Documentos revelam
a atuação de milícias que agem a mando de grileiros no Maranhão
A morte do sargento
João Almir Pereira da Silva, da Polícia Militar do Maranhão (PMMA), em novembro
de 2023, escancarou a suposta atuação de um grupo miliciano que agia a mando de
grileiros de terras no interior maranhense, em áreas de conflito
fundiário.
A Agência
Pública teve acesso exclusivo aos autos do processo que investiga o
assassinato do sargento e ao inquérito policial militar aberto na época do
crime. Os documentos revelam o envolvimento do grupo de policiais que sofreu a
emboscada em milícias privadas, que estariam atuando a mando de grileiros de
terra na região.
Em 10
de novembro de 2023,
o grupo de policiais sofreu a emboscada que supostamente teria sido organizada
por moradores de um povoado na zona rural da cidade de Barra do Corda, a 460
quilômetros da capital, São Luís, em uma área de disputa por terras.
<><> Por
que isso importa?
·
A
reportagem teve acesso exclusivo aos autos do processo e ao inquérito policial
que investiga a atuação de militares em uma milícia que estaria agindo a mando
de grileiros no Maranhão. O processo contra oito policiais ainda está correndo
no TJMA.
O sargento foi
morto na rodovia estadual MA-012, que liga os povoados da zona rural ao centro
da cidade de Barra do Corda e é rodeada por matas e grandes propriedades
particulares. Na altura do povoado Estevão, o carro – de modelo Hilux – em que
os sargento e outros três policiais militares estavam foi atingido por rajadas
de tiros.
Oito policiais
militares e um auxiliar penitenciário que faziam parte do grupo se tornaram
réus em um processo que corre no Tribunal de Justiça do Estado do Maranhão
(TJMA). De acordo com o Ministério Público do Estado do Maranhão (MPMA), o
grupo estaria na região a mando de grileiros de terras, ameaçando moradores.

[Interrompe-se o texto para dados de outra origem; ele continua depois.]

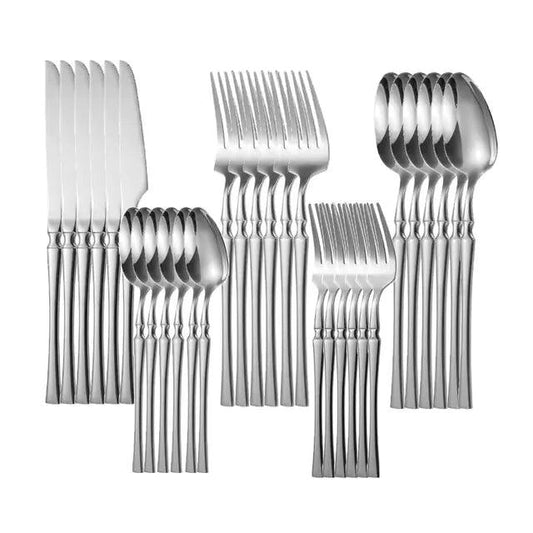 Gold Glamour 30-Piece Dinner Set - MANDOTOS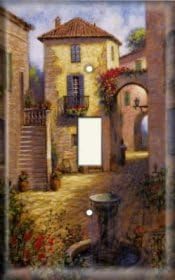 Single Switch Plate OVERSIZE - Italy Square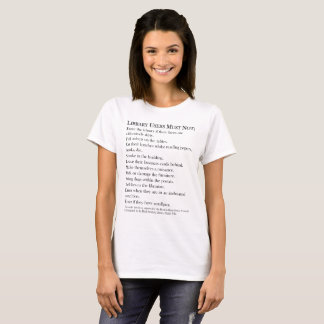 Bibliotheks-Regel-grundlegender T - Shirt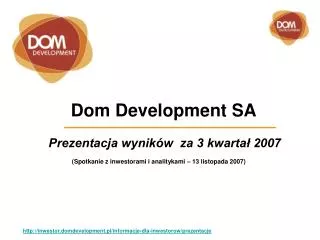 d om development sa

Dois PMs são da reserva remunerada.
Eles são: os
policiais militares Matheus Oliveira Lima, Marcos Barbosa Sousa de Almeida,
Marcondes Gonçalves da Silva Oliveira, Tirso Ramon Carvalho Sturmer, Daniel
Viana de Sousa, Themisto Clecio da Conceição Almeida, João Batista Fernandes
Lima Filho e Antonio Wanderley Mendes Porto, além do auxiliar penitenciário
Jucélio Sinfronio da Silva.
Um ofício emitido
pelo Conselho Estadual de Direitos Humanos (CEDDH) diz que os policiais,
incluindo o sargento assassinado, estiveram no povoado de São Francisco, onde
vivem aproximadamente 55 famílias, na manhã do dia em que a emboscada ocorreu,
com o intuito de expulsar os moradores da área.
“Relatos do
[Sindicato dos Trabalhadores Rurais Agricultores e Agricultoras Familiares]
STTR de Barra do Corda confirmam que os referidos milicianos teriam adentrado o
povoado no mesmo dia, no período da manhã, para avisar que retornariam para
expulsar quem ainda estivesse por lá”, diz o documento do CEDDH.
O território vive
uma disputa latifundiária: as famílias que moram no povoado ocupam o local há
pelo menos 70 anos. “[Fazendeiros que ajuizaram ação] Contra o INCRA pretendem
impedir a correção ou cancelamento ambiental rural (CAR) das terras em litígio.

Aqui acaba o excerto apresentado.